Sunday, February 1, 2015

Burn Notice

Philly import Han Dynasty will make you cry with joy, but also pain


Vegetarians and the spice-averse, please stand to the left.

It's nothing personal. Han Dynasty just has nothing for you. Now move along.

The rest of you? Brace yourselves for this unflinchingly numbing-hot Sichuan cuisine, where chili peppers are, well, peppered into every dish like they ain't no thang.

Luckily for you, dishes are conveniently scored on a scale of 1 to 10 indicating degrees of heat.

But we're not gonna mince words — this kind of spice can wreak havoc on the human body, unless properly prepared.

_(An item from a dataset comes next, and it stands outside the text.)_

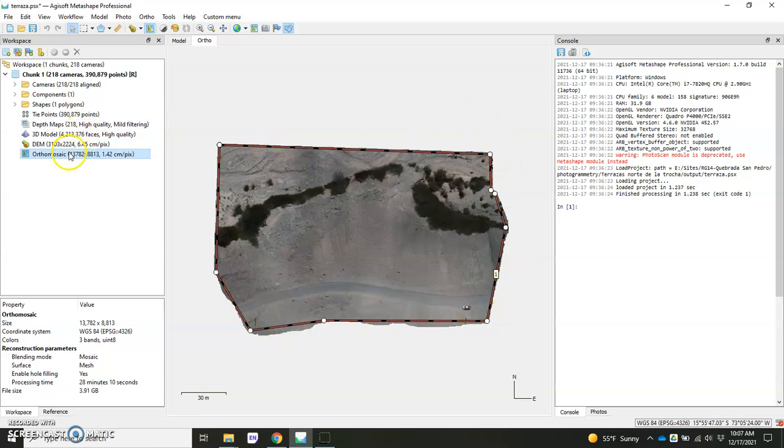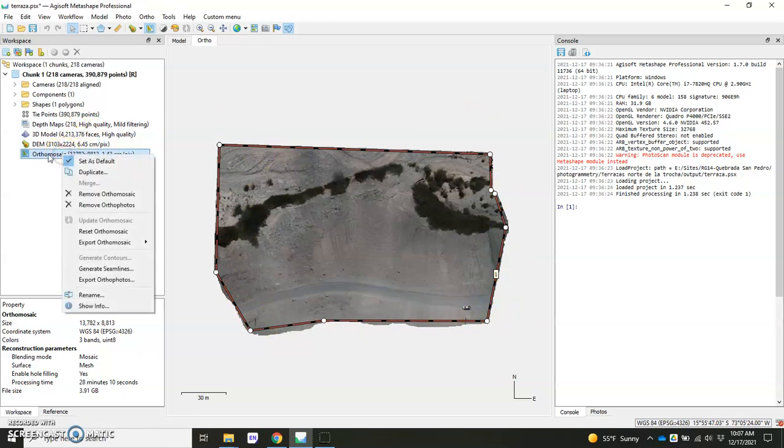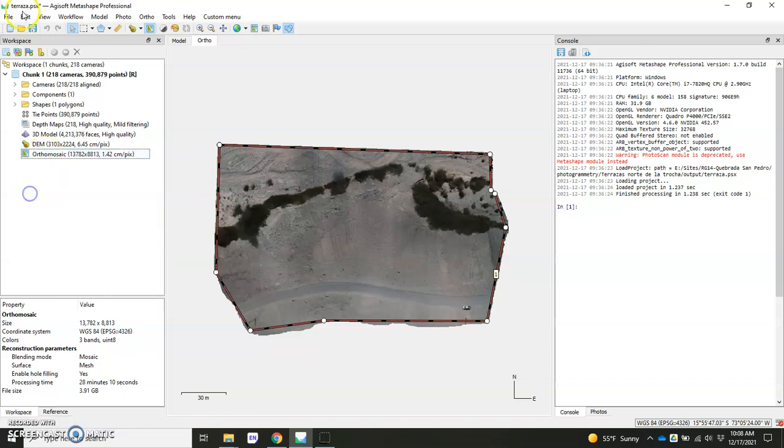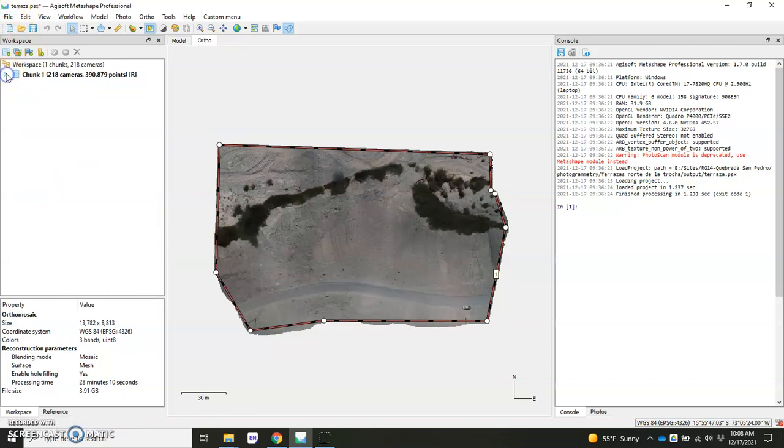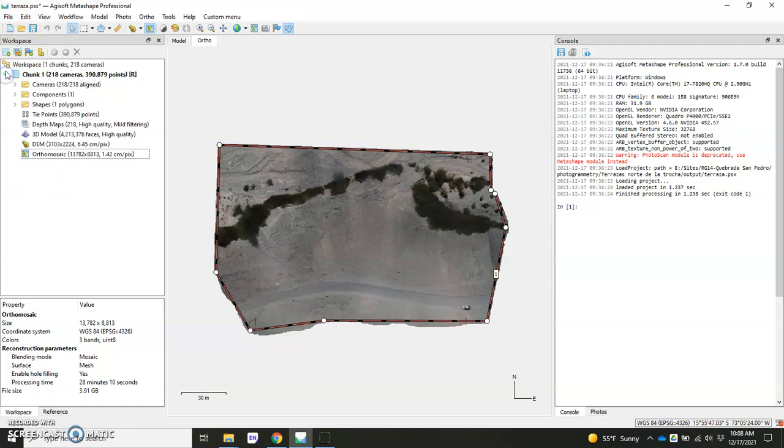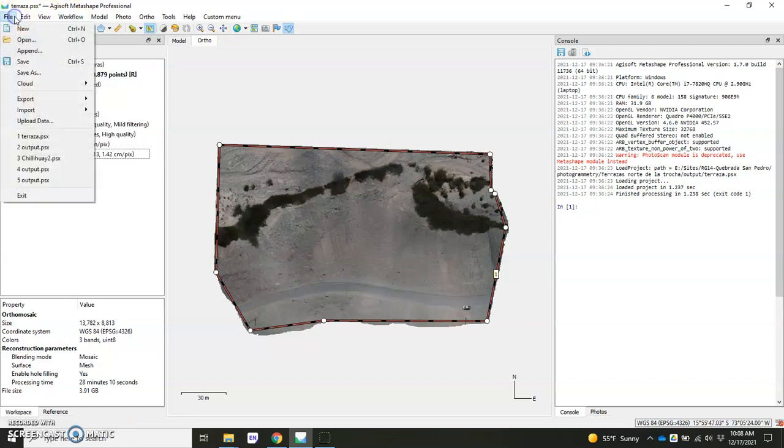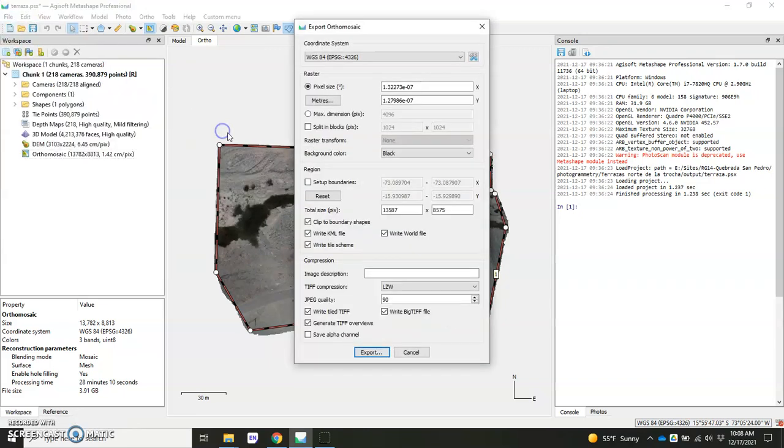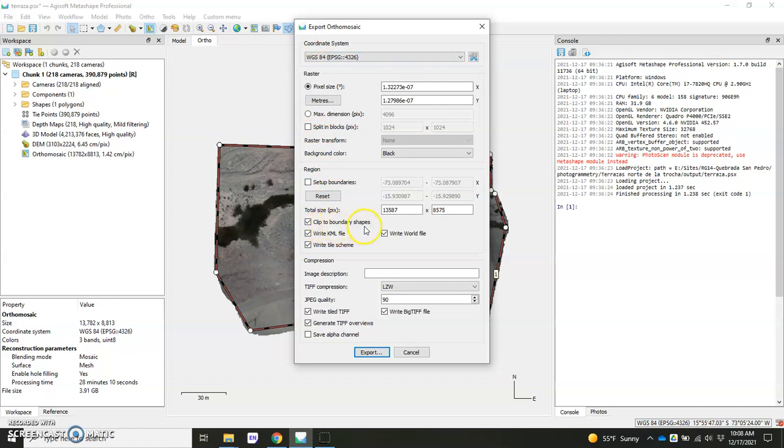So the last thing left to do is actually export. You'll right click here where it says orthomosaic and you can go export orthomosaic, export jpeg, tiff, png, right? You can get to that through here. Or if you don't see this show up because you haven't opened this here, you can go over to file export, export orthomosaic and click there. And what you'll notice right off the bat, if you kind of scan your eyes down here, you'll see it says clip to boundary shapes. That's what we just created there. And it automatically puts a little check mark, which is kind of nice.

So we've broken down a few suggested menus based on the steeliness of your stomach:

Newbies: wontons in chili oil, double-cooked pork belly, salt and pepper fried shrimp.

Asking for it: dan dan noodles and the dry-fried beef: a dish of triple-flash-fried meat mixed up with dry chilies and Sichuan peppercorns.

Call in sick tomorrow: cold rabbit with peanuts in chili oil and the dry pot lamb, served in a sizzling mini wok with black mushrooms, bamboo shoots, bell peppers, and more Scovilles than you can count.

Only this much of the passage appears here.